→ Records contained in a dataset:
▬▬▬▬▬▬
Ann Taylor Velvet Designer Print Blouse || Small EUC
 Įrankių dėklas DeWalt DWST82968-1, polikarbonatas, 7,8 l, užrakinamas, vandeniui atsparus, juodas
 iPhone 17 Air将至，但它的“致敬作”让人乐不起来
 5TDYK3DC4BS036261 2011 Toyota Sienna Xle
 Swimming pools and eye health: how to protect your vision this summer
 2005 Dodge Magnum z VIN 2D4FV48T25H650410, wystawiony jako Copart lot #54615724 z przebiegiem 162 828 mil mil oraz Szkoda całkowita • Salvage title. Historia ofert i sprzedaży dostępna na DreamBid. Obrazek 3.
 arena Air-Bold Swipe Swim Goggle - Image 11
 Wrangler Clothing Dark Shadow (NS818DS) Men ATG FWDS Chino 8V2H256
▬▬▬▬▬▬
→ Directions:
Set all of the records down again, exactly as they stand.

→ Exercise result:
Ann Taylor Velvet Designer Print Blouse || Small EUC
 Įrankių dėklas DeWalt DWST82968-1, polikarbonatas, 7,8 l, užrakinamas, vandeniui atsparus, juodas
 iPhone 17 Air将至，但它的“致敬作”让人乐不起来
 5TDYK3DC4BS036261 2011 Toyota Sienna Xle
 Swimming pools and eye health: how to protect your vision this summer
 2005 Dodge Magnum z VIN 2D4FV48T25H650410, wystawiony jako Copart lot #54615724 z przebiegiem 162 828 mil mil oraz Szkoda całkowita • Salvage title. Historia ofert i sprzedaży dostępna na DreamBid. Obrazek 3.
 arena Air-Bold Swipe Swim Goggle - Image 11
 Wrangler Clothing Dark Shadow (NS818DS) Men ATG FWDS Chino 8V2H256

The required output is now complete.